Your task.
Below are the records; repeat exactly their lines between the line holding "LITTLETON, COLO., MAY" and the line holding "time-lapse frame, UM CSO webcam", inclusive, skipping the pictures.

Data listing.
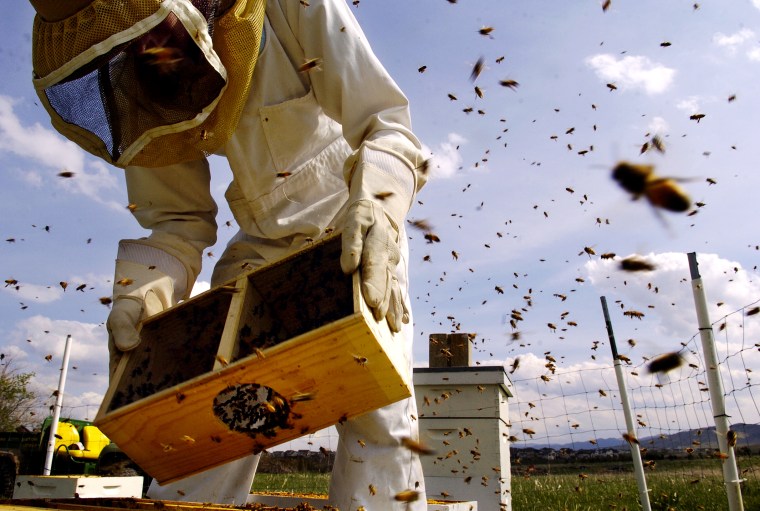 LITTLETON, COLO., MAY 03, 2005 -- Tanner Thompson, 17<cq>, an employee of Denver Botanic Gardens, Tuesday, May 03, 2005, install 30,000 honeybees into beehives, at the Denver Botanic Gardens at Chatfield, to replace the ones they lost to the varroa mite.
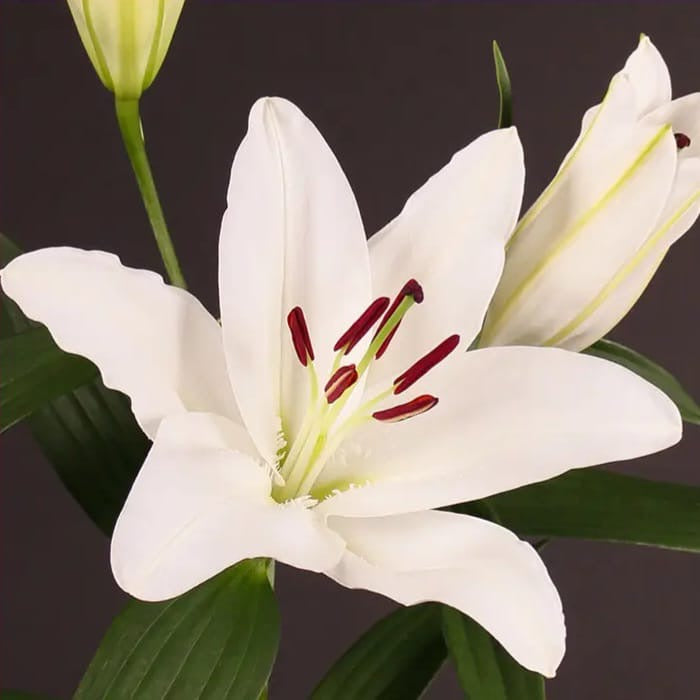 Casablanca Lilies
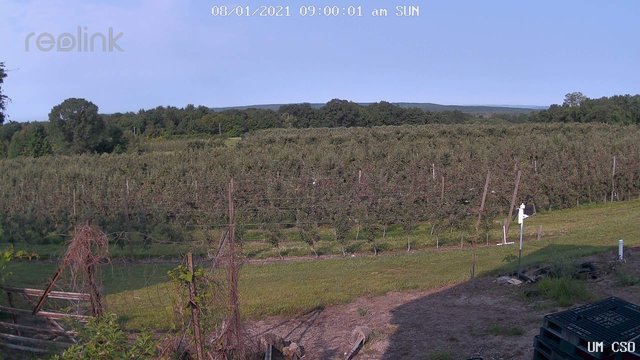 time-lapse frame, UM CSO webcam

---

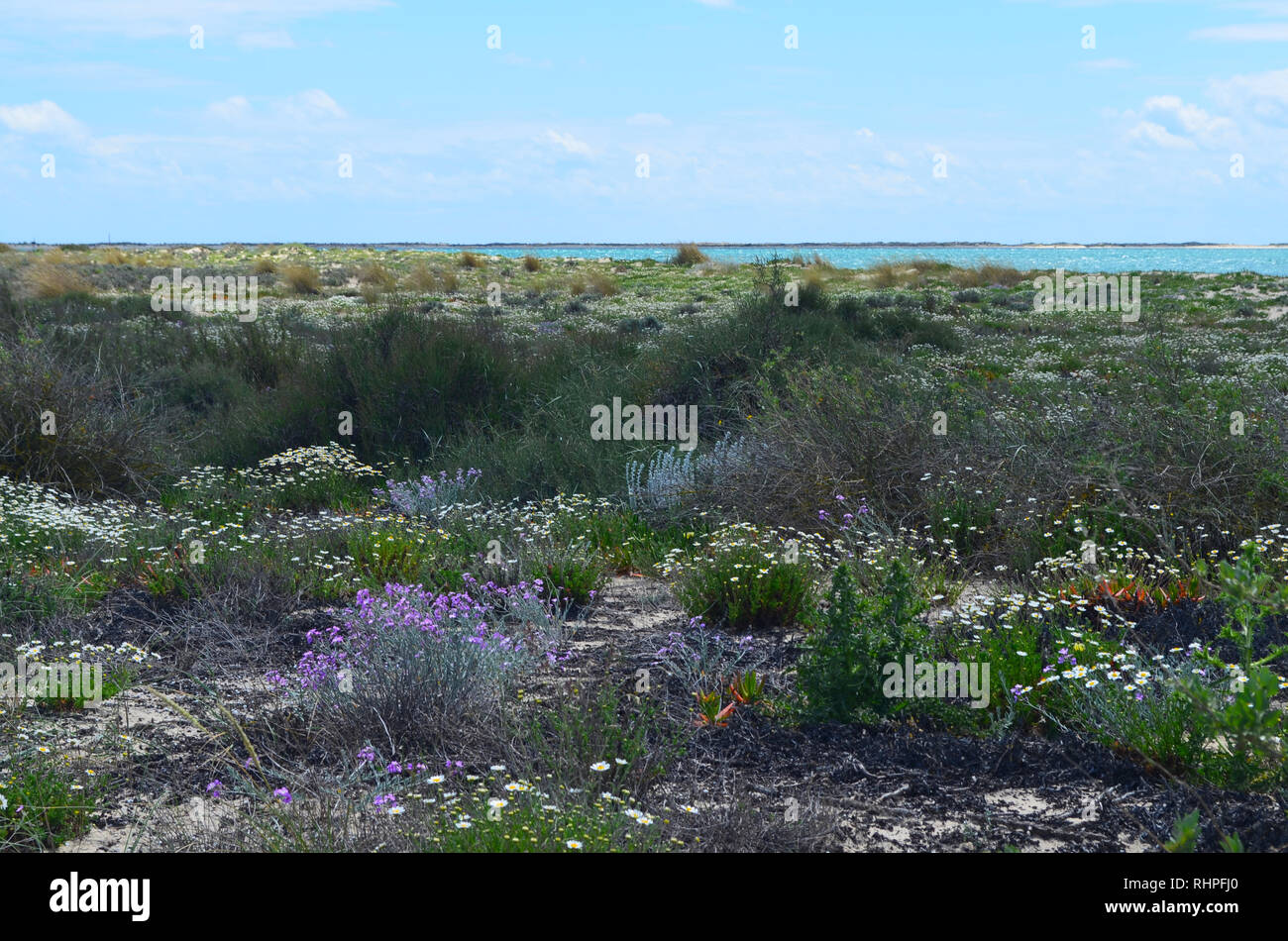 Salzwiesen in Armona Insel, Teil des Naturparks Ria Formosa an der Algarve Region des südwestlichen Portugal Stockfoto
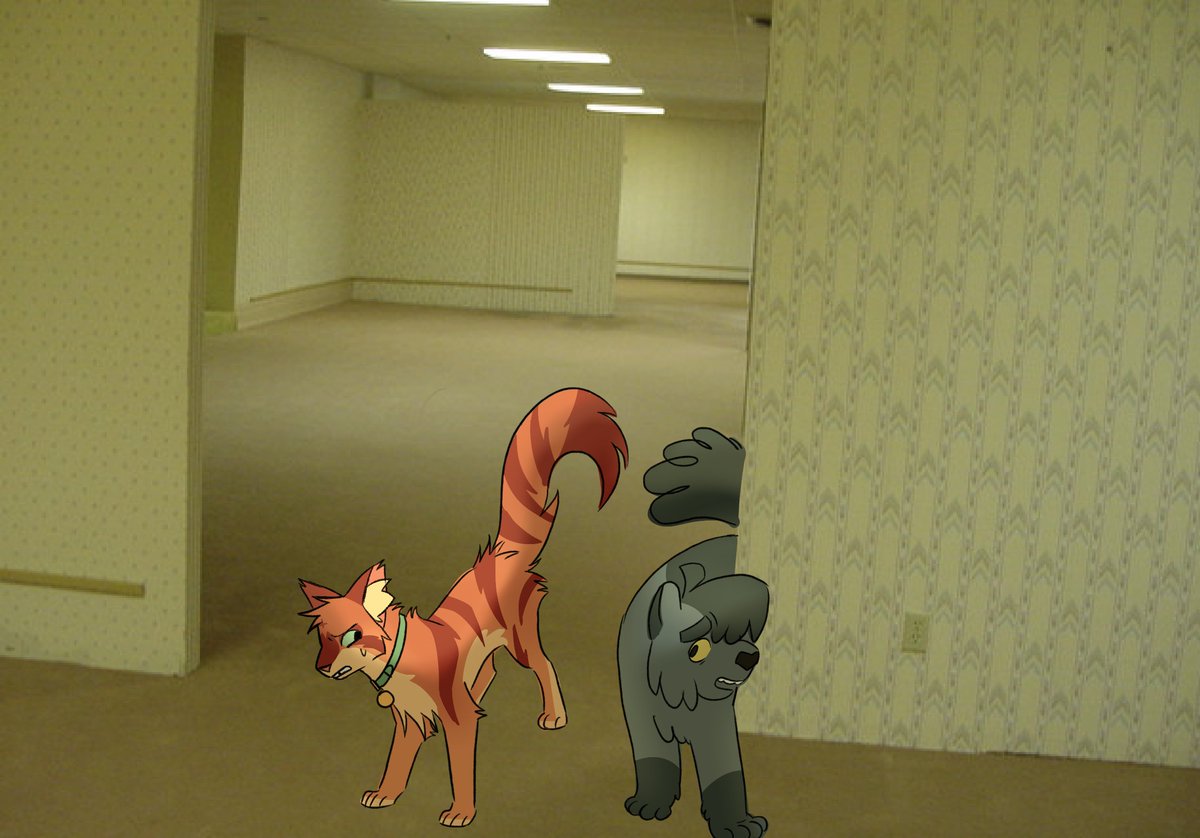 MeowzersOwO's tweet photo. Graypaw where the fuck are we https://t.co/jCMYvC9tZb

==

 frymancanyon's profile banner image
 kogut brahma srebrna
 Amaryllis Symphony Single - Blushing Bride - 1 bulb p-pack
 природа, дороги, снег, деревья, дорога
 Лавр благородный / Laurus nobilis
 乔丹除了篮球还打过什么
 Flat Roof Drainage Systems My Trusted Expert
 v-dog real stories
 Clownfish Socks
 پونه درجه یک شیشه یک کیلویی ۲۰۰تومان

Output of the task.
 LITTLETON, COLO., MAY 03, 2005 -- Tanner Thompson, 17<cq>, an employee of Denver Botanic Gardens, Tuesday, May 03, 2005, install 30,000 honeybees into beehives, at the Denver Botanic Gardens at Chatfield, to replace the ones they lost to the varroa mite.
 Casablanca Lilies
 time-lapse frame, UM CSO webcam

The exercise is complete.